Рядом со мной молча стояли дед и Вероника: дед неподвижно, как
соляной столп, а Вероника слепыми непослушными пальцами пыталась
застегнуть на груди комбинезон. Я тихонечко вышел из дому, снял с веревки
высохшие клейды, оделся. Когда она успела постирать?.. Почему-то сдавило
горло. Все было неправильно, все, кроме... Я взял себя в руки. Спокойно.
Не сходи с ума. Не имеешь права сходить с ума.
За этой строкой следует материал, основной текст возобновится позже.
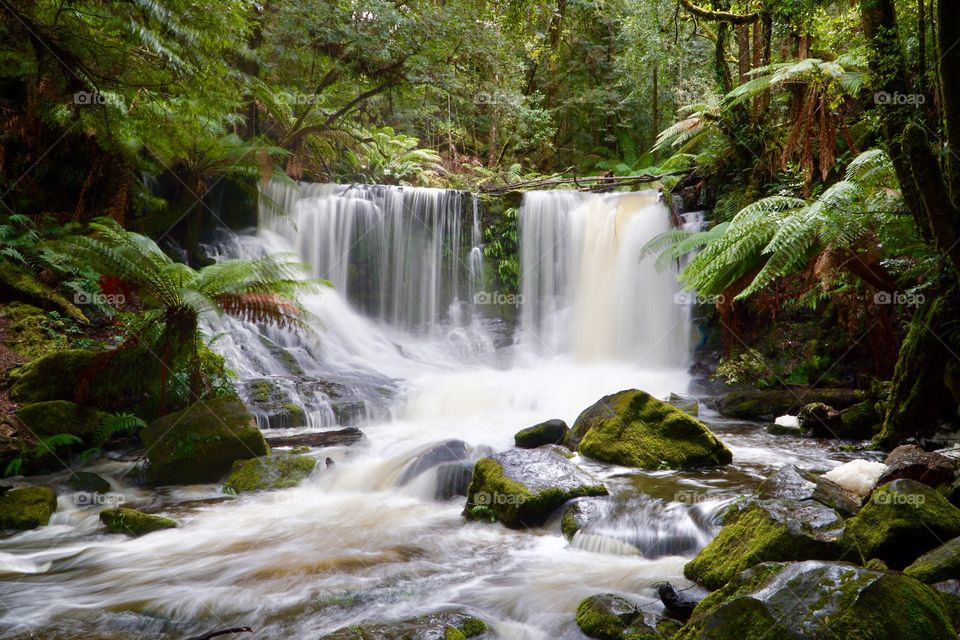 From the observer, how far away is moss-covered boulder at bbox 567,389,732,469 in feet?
20.0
Не имеешь права...
Уже другой голос, сорванный, хриплый, выкрикивал: сограждане, настал
решительный... чаша гнева... притеснения, невиданные за все годы
существования... культурный и моральный кризис, полный тупик... расстреляв
мирную демонстрацию, поставили себя вне закона... более трехсот человек...
братья-солдаты, которые никогда... тем самым окончательно похоронил
надежды... распространено обращение командующего Русским территориальным
корпусом генерала... на защиту безоружных москвичей встали солдаты чешской
бригады, их поддержали... потеряв несколько танков, отошли... запершись в
Кремле, вряд ли могут рассчитывать... волна народного гнева сметет, как
мусор... последний шанс, данный нам историей... только свободная, единая,
независимая Россия... к оружию, граждане, к оружию, россияне!
- Эт-то но-омер... - протянул дед.
Я вдруг почувствовал, что меня колотит крупной внутренней дрожью.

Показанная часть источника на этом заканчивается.